Internal and external pressure

According to Alarcón, the Chavista movement is in the process of extinction and the Government can only hold on to power through force after the loss of its political capital and the deterioration of electoral clientelism. Under this circumstance, the group is heavily reliant on State and parastatal actors that could support it in the event of an escalation of the conflict; However, the cost of repression is now higher than in 2017, particularly due to the process at the ICC.

The expert assured that the Government has a “menu” of strategic alternatives that range from the most desirable, a “divide and conquer” scenario that is becoming increasingly unfeasible, to a non-competitive election with Machado if she remains banned from holding public office.

The Government’s tolerance for the holding of the opposition primary elections implies that the calculations of the costs and benefits of intervening were unfavorable. What made this calculation unfavorable? We don’t know. The key is to understand what can be done to extend this effect in the face of the continuation of the Barbados negotiation, whose purpose is a competitive presidential election in 2024 rather than the recent opposition primary election,” he detailed.

Mr. Alarcón believes that this can only be possible with “a combination of external and internal pressure that increases Chavismo’s uncertainty about the possibility of holding on to power by force; while maintaining open negotiation channels capable of reducing the consequences of a political change for the ruling faction.”

Scenarios for 2024

In his analysis of recent and current events, Alarcón assured that a “divide and conquer” scenario seems the most likely for the upcoming year.

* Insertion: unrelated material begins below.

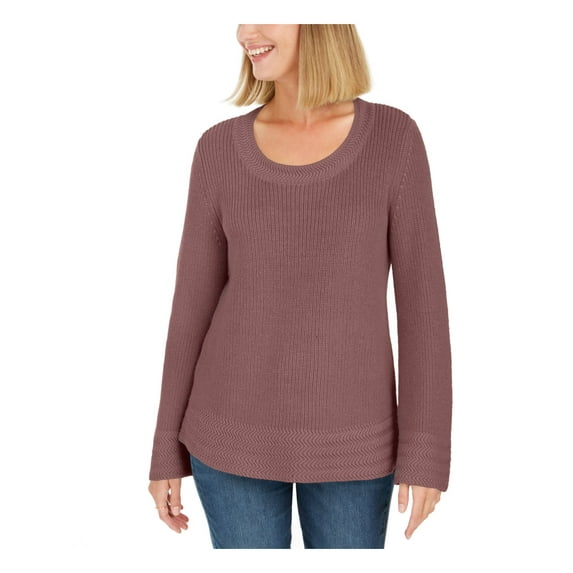 STYLE & COMPANY Womens Pink Textured Knitted Printed Long Sleeve Scoop Neck T-Shirt Petites PXL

Under this scenario, the lack of a political and electoral agreement between Chavismo and the opposition led to a primary election without the support of the National Electoral Council and the emergence of María Corina Machado as the unitary candidate of the opposition. However, she might remain banned from holding public office and abstention would reign in the 2024 presidential elections in the absence of a substitute candidate who enjoys people’s support.

This would lead to a Chavista victory and a new failed attempt at a transition, which could culminate in the recognition of the Maduro government and a policy of appeasement.

According to Alarcon, the second most likely scenario is a stunning election, which describes a process of democratization in an authoritarian regime through moderately free elections.

Under this circumstance, Machado’s ban would be maintained, although the opposition could unify around a substitute candidate fully positioned in the public opinion. This candidate would win in the 2024 presidential election, although this does not necessarily mean that Chavismo would accept the results and could rather lead to the escalation of the conflict over the recognition of the results.

A negotiated transition is the third scenario described by Alarcón. This would rise from the political traction gained by Machado and her leadership of the opposition, combined with an electoral victory and an eventual amnesty and transition supervised by some elements of Chavismo.

Although the latter could be considered the “ideal” scenario, Alarcón described it as the least likely, according to his current analysis. He added that this does not mean that changes in the future could not result in this scenario becoming reality.

At the closing of his intervention, Alarcón emphasized that the political effort of the opposition will focus on the fight to achieve the lifting of María Corina Machado’s ban to hold office while the ruling Chavismo will seek to keep her banned at the lowest possible cost for Chavismo. This will be the focal point for the first half of next year.